(DATA FOR THIS EXERCISE)

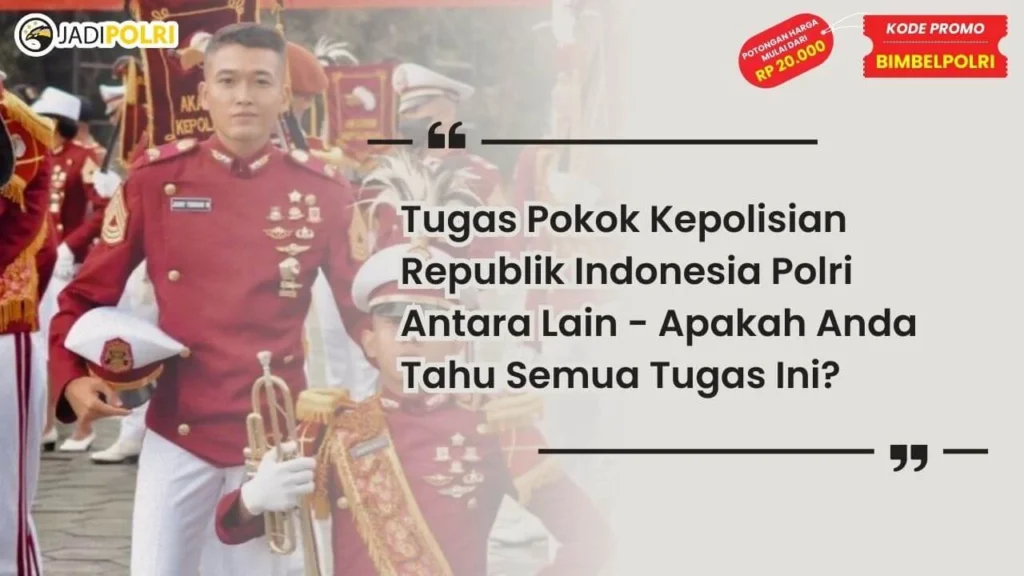 Tugas Pokok Kepolisian Republik Indonesia Polri Antara Lain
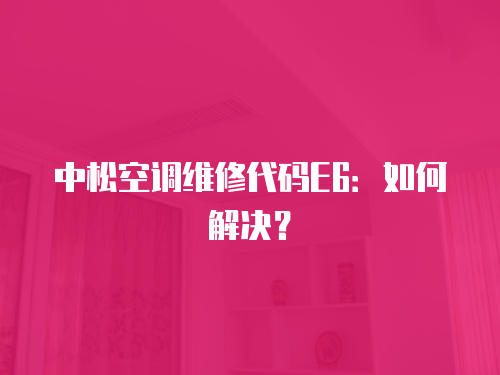 中松空調維修代碼E6：如何解決？
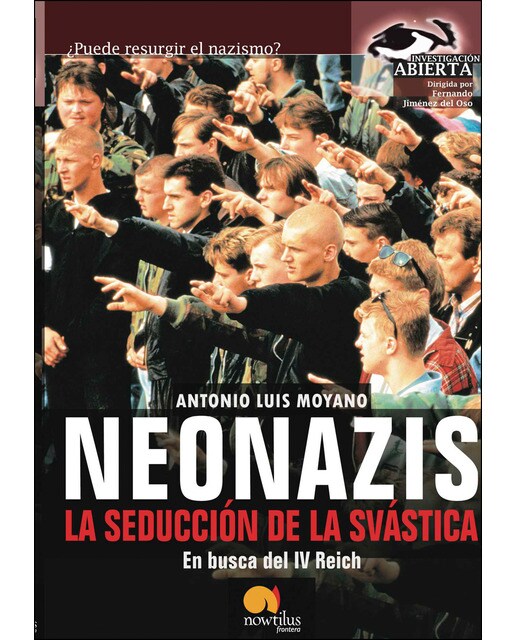 Neonazis. La seducción de la svástica: En busca del iv reich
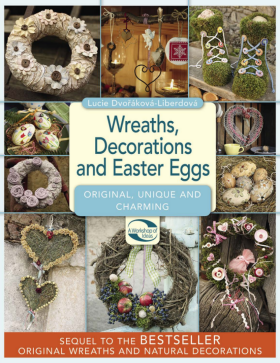 Wreaths, decorations and easter eggs - Lucie Dvořáková-Liberdová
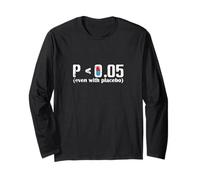 P Less Than 0.05 Placebo Statistics Science Saying Long Sleeve T-Shirt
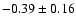 $ -0.39 \pm 0.16 $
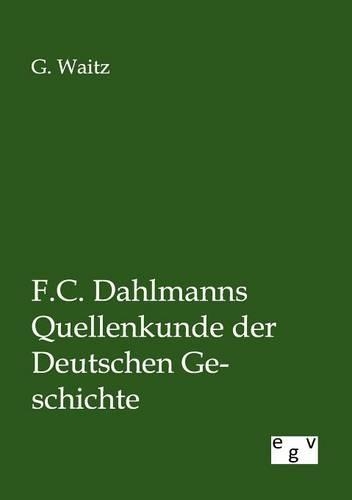 F.C. Dahlmanns Quellenkunde der Deutschen Geschichte: (German)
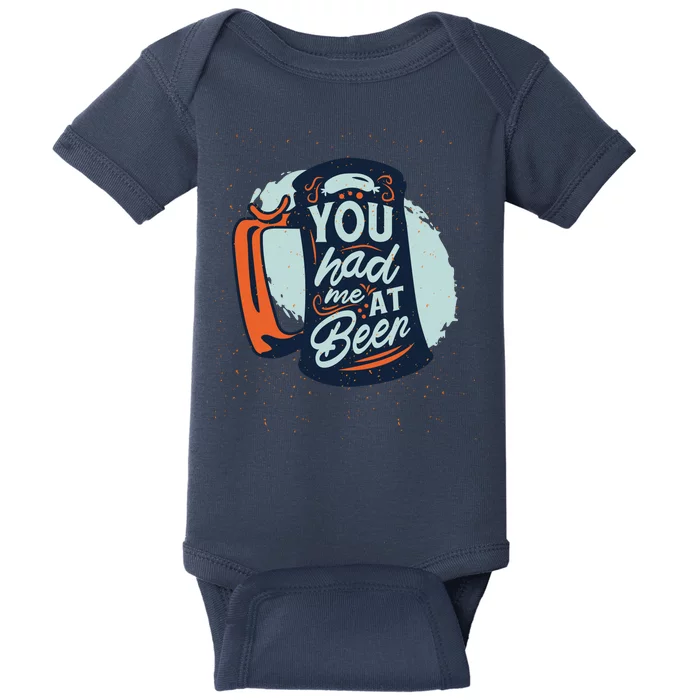 You Had Me At Beer Baby Bodysuit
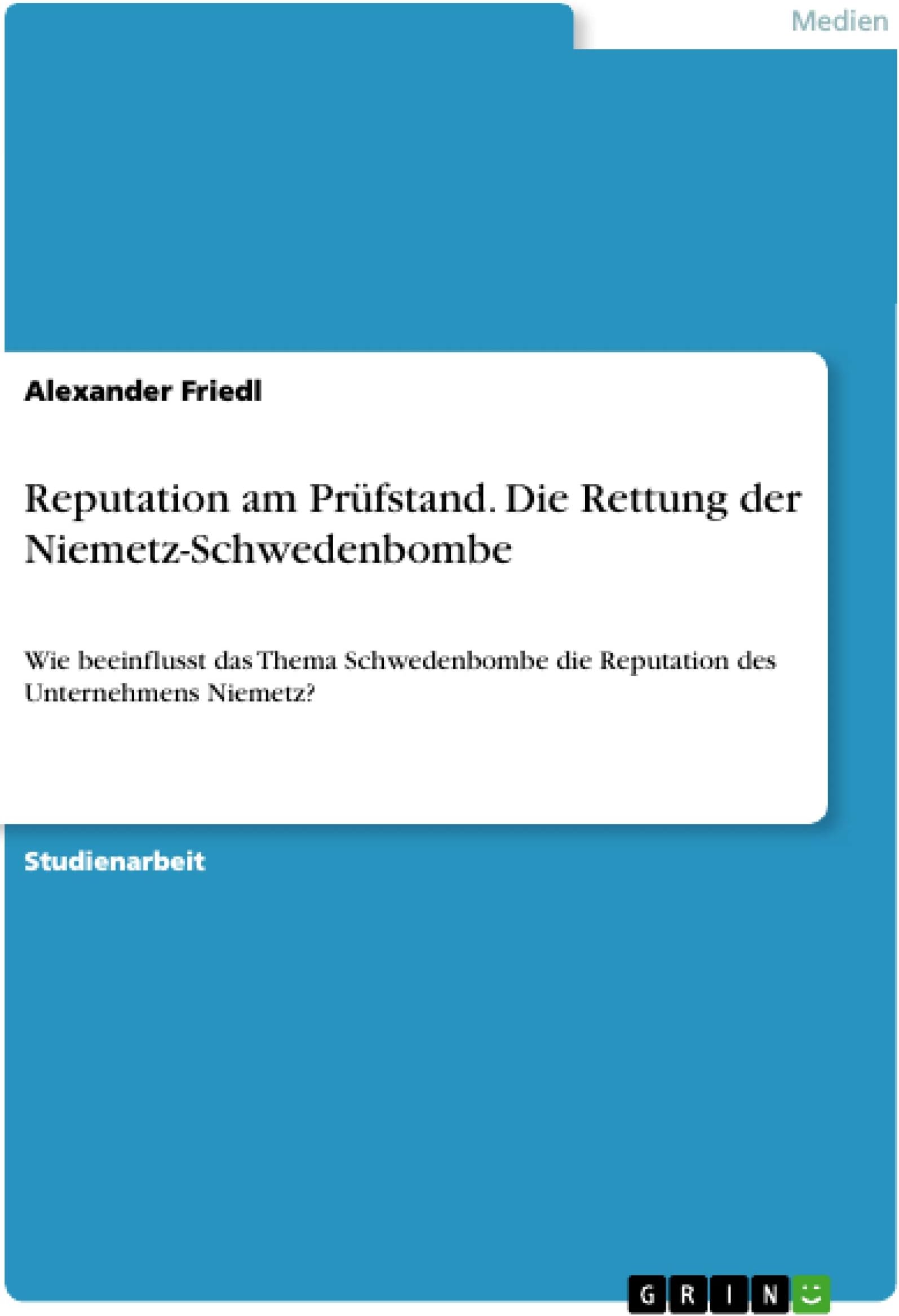 Reputation am Prüfstand. Die Rettung der Niemetz-Schwedenbombe: Wie beeinflusst das Thema Schwedenbombe die Reputation des Unternehmens Niemetz? (German Edition)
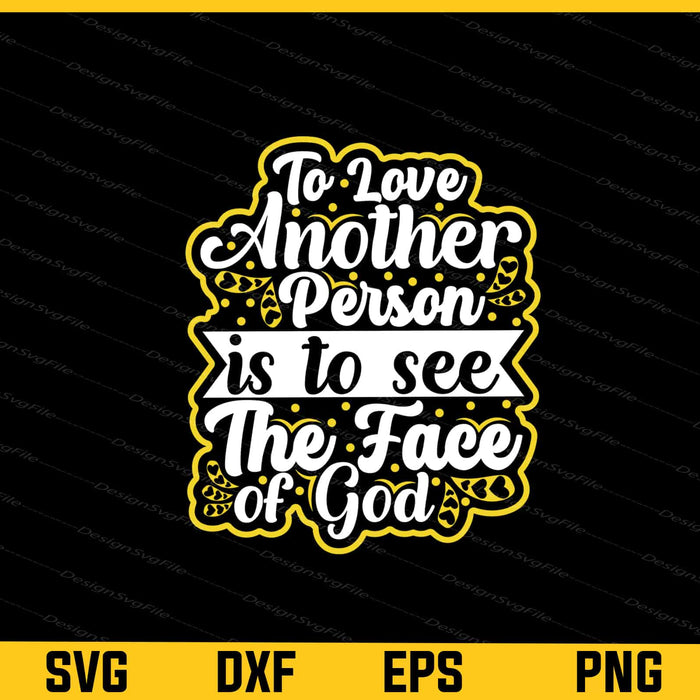 To Love Another Person Is To See Valentines Svg Cutting Printable File  - Premium Cutting Files in SVG, PNG & EPS Formats - Premium SVG Cutting Files for Crafts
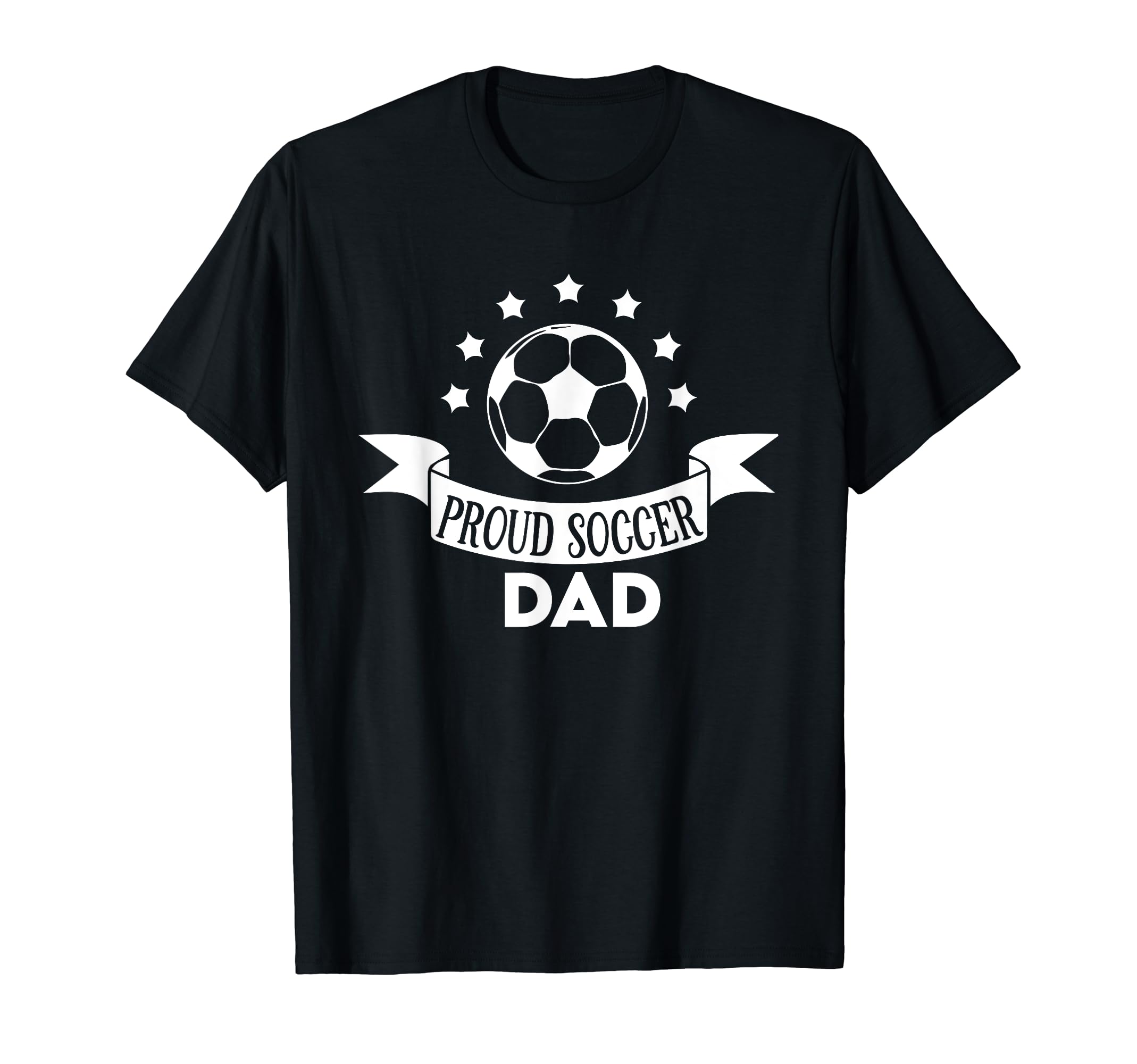 Proud Soccer Dad Father Sport Soccer T-Shirt - Streetwear Style for Adults - T-Shirt, Sweatshirt, Hoodie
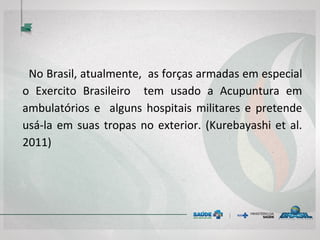 No Brasil, atualmente, as forças armadas em especial o
Exercito Brasileiro tem usado a Acupuntura em
ambulatórios e alguns hospitais militares e pretende
usá-la em suas tropas no exterior. (Kurebayashi et al.
2011)
 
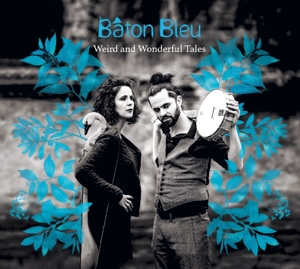 CD Shop - BATON BLEU WEIRD AND WONDERFUL TALES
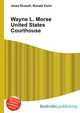 Wayne L. Morse United States Courthouse, Jesse Russell,Ronald Cohn 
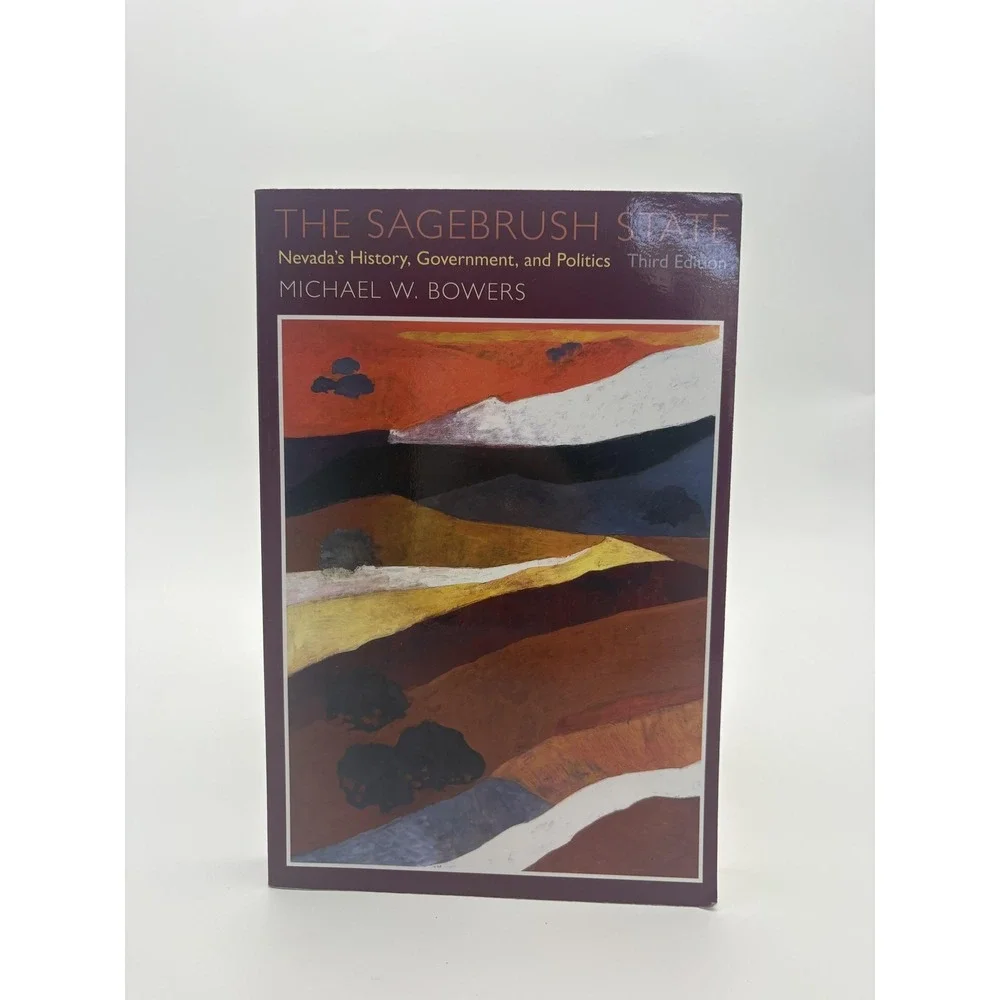 The Sagebrush State Nevada History Govt Politics 3rd Ed Bowers Trade PB Textbook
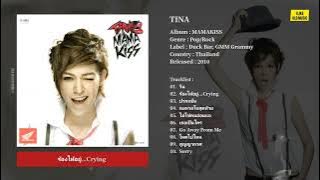 [Full Album] TINA (ตีน่า) – MAMAKISS (2010)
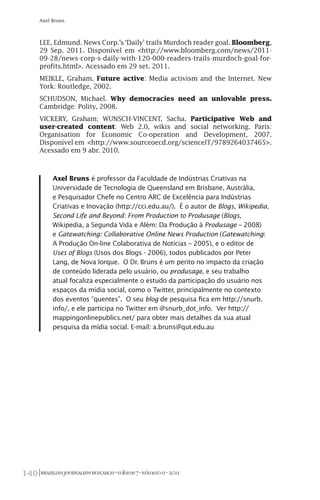 BRAZILIANJOURNALISMRESEARCH-Volume7-Número1I-2011140
Axel Bruns
LEE, Edmund. News Corp.’s ‘Daily’ trails Murdoch reader goal. Bloomberg,
29 Sep. 2011. Disponível em <http://www.bloomberg.com/news/2011-
09-28/news-corp-s-daily-with-120-000-readers-trails-murdoch-goal-for-
profits.html>. Acessado em 29 set. 2011.
MEIKLE, Graham. Future active: Media activism and the Internet. New
York: Routledge, 2002.
SCHUDSON, Michael. Why democracies need an unlovable press.
Cambridge: Polity, 2008.
VICKERY, Graham; WUNSCH-VINCENT, Sacha. Participative Web and
user-created content: Web 2.0, wikis and social networking. Paris:
Organisation for Economic Co-operation and Development, 2007.
Disponível em <http://www.sourceoecd.org/scienceIT/9789264037465>.
Acessado em 9 abr. 2010.
Axel Bruns é professor da Faculdade de Indústrias Criativas na
Universidade de Tecnologia de Queensland em Brisbane, Austrália,
e Pesquisador Chefe no Centro ARC de Excelência para Indústrias
Criativas e Inovação (http://cci.edu.au/). É o autor de Blogs, Wikipedia,
Second Life and Beyond: From Production to Produsage (Blogs,
Wikipedia, a Segunda Vida e Além: Da Produção à Produsage – 2008)
e Gatewatching: Collaborative Online News Production (Gatewatching:
A Produção On-line Colaborativa de Notícias – 2005), e o editor de
Uses of Blogs (Usos dos Blogs - 2006), todos publicados por Peter
Lang, de Nova Iorque. O Dr. Bruns é um perito no impacto da criação
de conteúdo liderada pelo usuário, ou produsage, e seu trabalho
atual focaliza especialmente o estudo da participação do usuário nos
espaços da mídia social, como o Twitter, principalmente no contexto
dos eventos “quentes”. O seu blog de pesquisa fica em http://snurb.
info/, e ele participa no Twitter em @snurb_dot_info. Ver http://
mappingonlinepublics.net/ para obter mais detalhes da sua atual
pesquisa da mídia social. E-mail: a.bruns@qut.edu.au
 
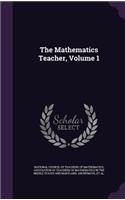 The Mathematics Teacher, Volume 1
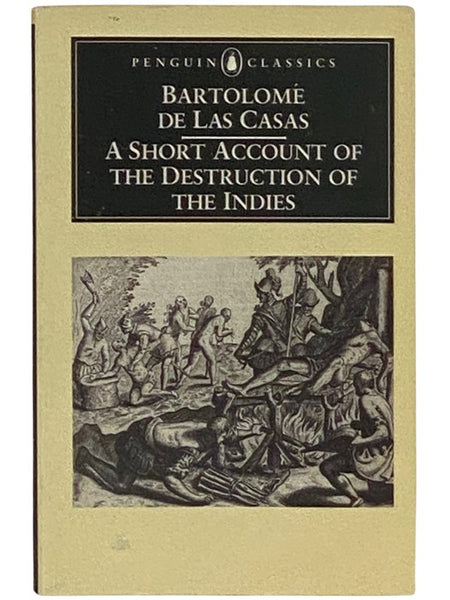 A Short Account of the Destruction of the Indies (Penguin Classics)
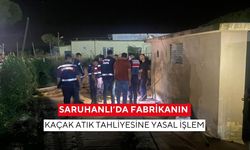 Saruhanlı’da fabrikanın kaçak atık tahliyesine yasal işlem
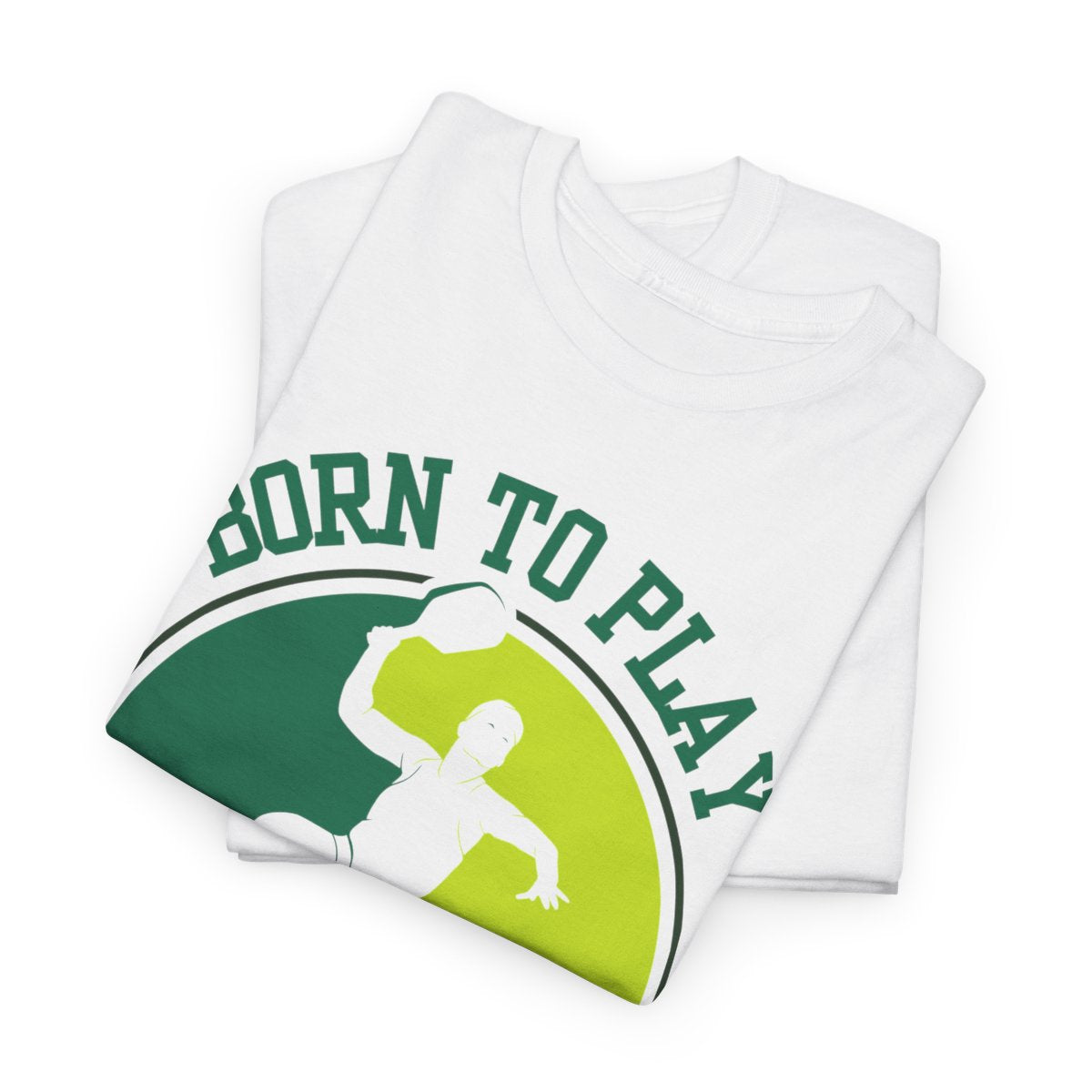 BORN TO PLAY PICKLEBALL- Pickleball (Basic Tee)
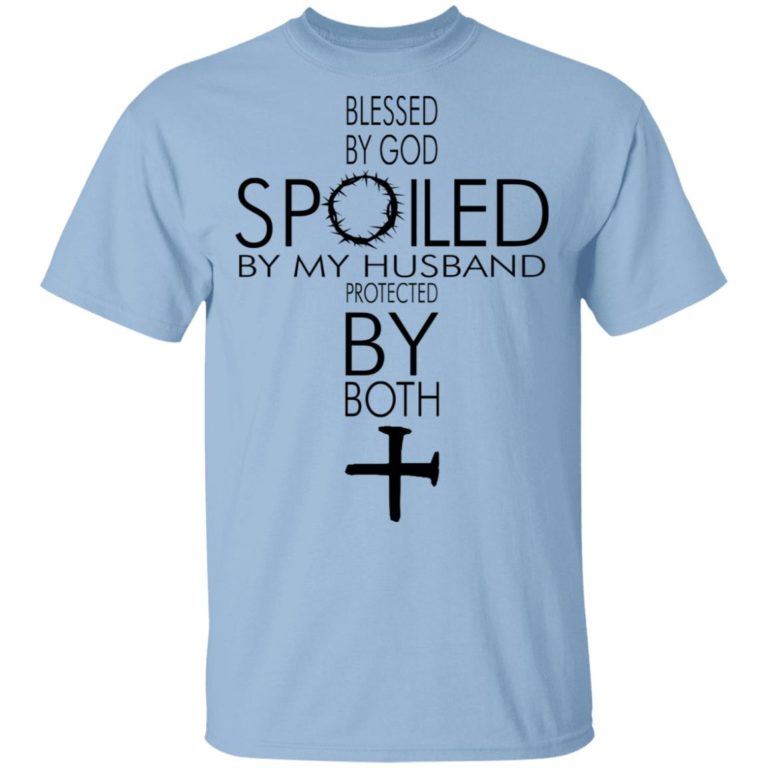 Blessed By God Spoiled By My Husband Protected By Both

(End DATA FOR THIS EXERCISE)

= DIRECTIONS FOR THIS TASK =
The images in the entries above should be left out; please reproduce exactly the lines from the first through the one containing "York: Routledge, 2002.".

= RESPONSE AREA =
 Tugas Pokok Kepolisian Republik Indonesia Polri Antara Lain
 中松空調維修代碼E6：如何解決？
 Neonazis. La seducción de la svástica: En busca del iv reich
 Wreaths, decorations and easter eggs - Lucie Dvořáková-Liberdová
 P Less Than 0.05 Placebo Statistics Science Saying Long Sleeve T-Shirt
 $ -0.39 \pm 0.16 $
 F.C. Dahlmanns Quellenkunde der Deutschen Geschichte: (German)
 You Had Me At Beer Baby Bodysuit
 Reputation am Prüfstand. Die Rettung der Niemetz-Schwedenbombe: Wie beeinflusst das Thema Schwedenbombe die Reputation des Unternehmens Niemetz? (German Edition)
 To Love Another Person Is To See Valentines Svg Cutting Printable File  - Premium Cutting Files in SVG, PNG & EPS Formats - Premium SVG Cutting Files for Crafts
 Proud Soccer Dad Father Sport Soccer T-Shirt - Streetwear Style for Adults - T-Shirt, Sweatshirt, Hoodie
 No Brasil, atualmente, as forças armadas em especial o
Exercito Brasileiro tem usado a Acupuntura em
ambulatórios e alguns hospitais militares e pretende
usá-la em suas tropas no exterior. (Kurebayashi et al.
2011)
 
 CD Shop - BATON BLEU WEIRD AND WONDERFUL TALES
 Wayne L. Morse United States Courthouse, Jesse Russell,Ronald Cohn 
 The Sagebrush State Nevada History Govt Politics 3rd Ed Bowers Trade PB Textbook
 [Full Album] TINA (ตีน่า) – MAMAKISS (2010)
 BRAZILIANJOURNALISMRESEARCH-Volume7-Número1I-2011140
Axel Bruns
LEE, Edmund. News Corp.’s ‘Daily’ trails Murdoch reader goal. Bloomberg,
29 Sep. 2011. Disponível em <http://www.bloomberg.com/news/2011-
09-28/news-corp-s-daily-with-120-000-readers-trails-murdoch-goal-for-
profits.html>. Acessado em 29 set. 2011.
MEIKLE, Graham. Future active: Media activism and the Internet. New
York: Routledge, 2002.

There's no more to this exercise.